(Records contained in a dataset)
-- Opening Marker --

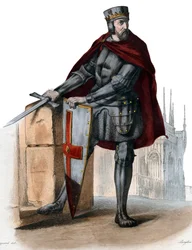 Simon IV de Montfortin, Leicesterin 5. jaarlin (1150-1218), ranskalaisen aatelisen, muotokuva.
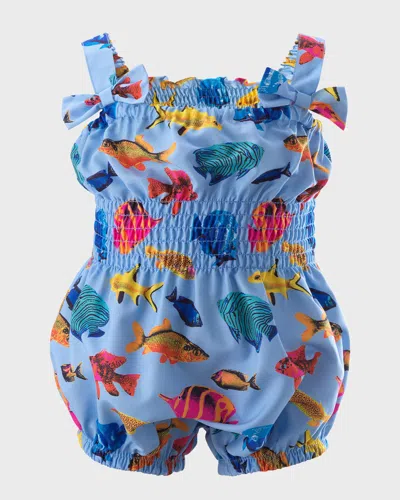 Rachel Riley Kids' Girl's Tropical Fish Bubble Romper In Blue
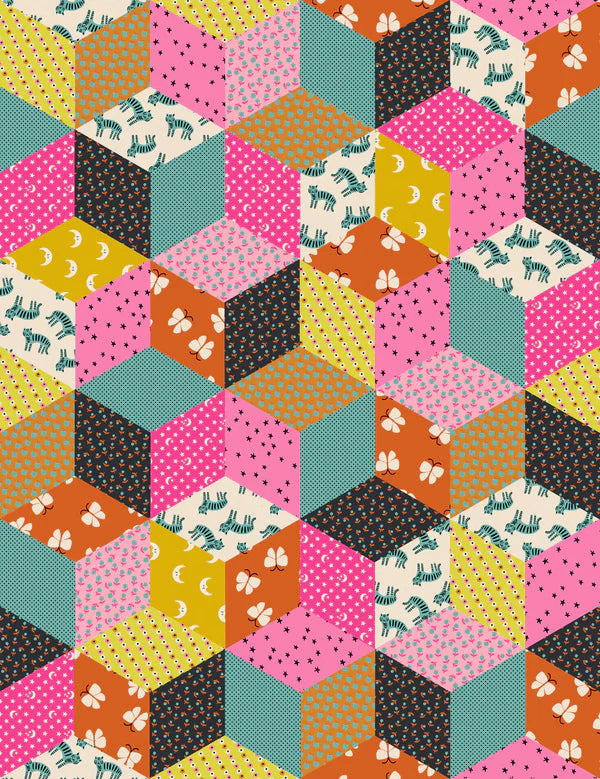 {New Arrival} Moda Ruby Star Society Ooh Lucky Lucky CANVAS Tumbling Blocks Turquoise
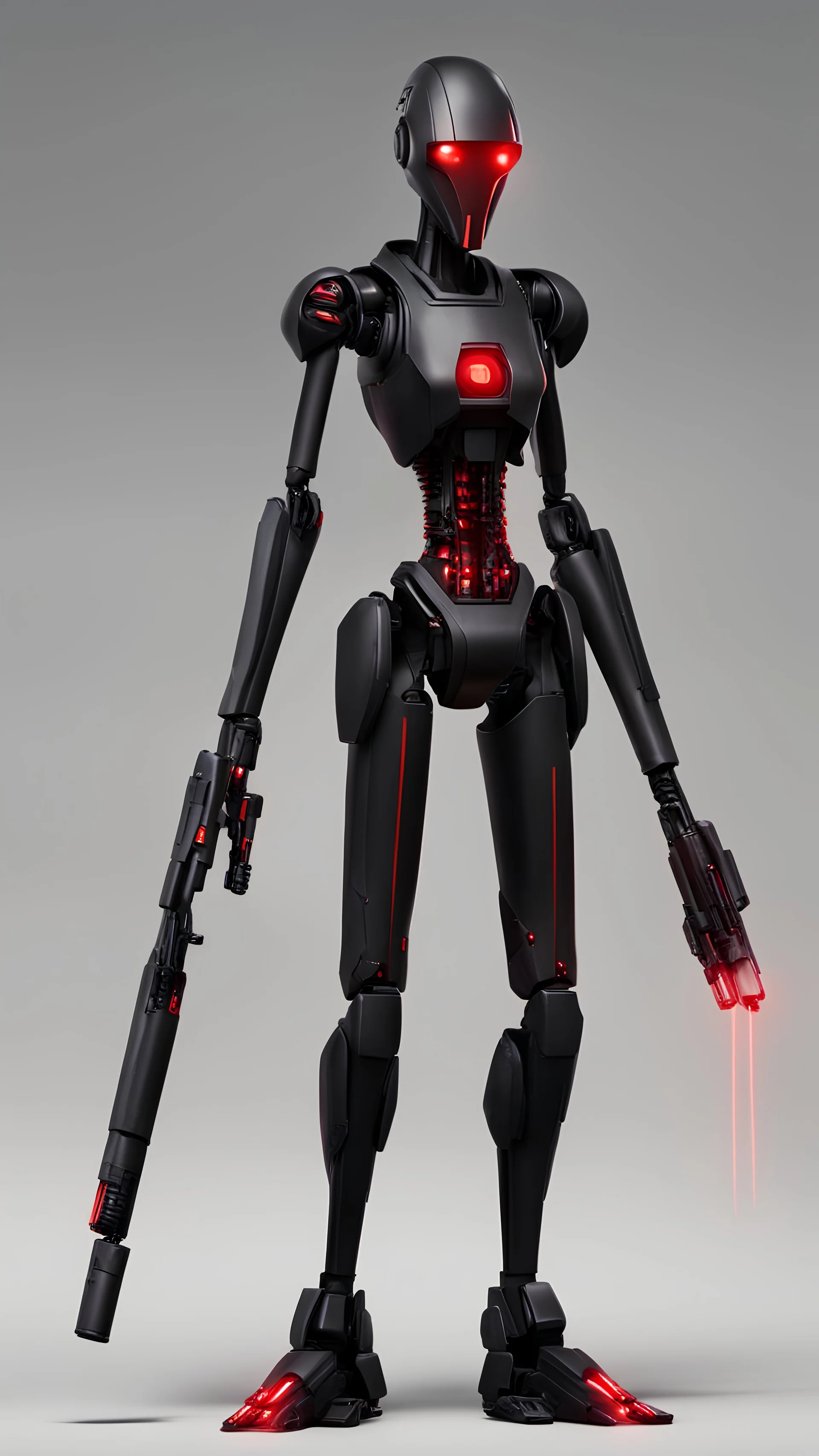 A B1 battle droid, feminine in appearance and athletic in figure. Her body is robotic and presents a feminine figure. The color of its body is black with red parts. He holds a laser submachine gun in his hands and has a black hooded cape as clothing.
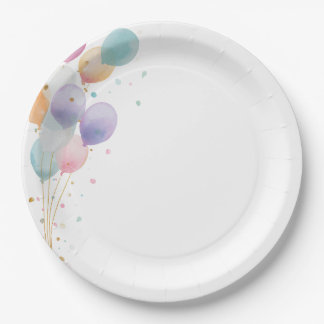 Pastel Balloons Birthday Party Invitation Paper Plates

-- Closing Marker --

▸ Aim of the task
The output has to match the data above line for line, except that pictures are dropped.

▸ Output
 Simon IV de Montfortin, Leicesterin 5. jaarlin (1150-1218), ranskalaisen aatelisen, muotokuva.
 Rachel Riley Kids' Girl's Tropical Fish Bubble Romper In Blue
 {New Arrival} Moda Ruby Star Society Ooh Lucky Lucky CANVAS Tumbling Blocks Turquoise
 A B1 battle droid, feminine in appearance and athletic in figure. Her body is robotic and presents a feminine figure. The color of its body is black with red parts. He holds a laser submachine gun in his hands and has a black hooded cape as clothing.
 Pastel Balloons Birthday Party Invitation Paper Plates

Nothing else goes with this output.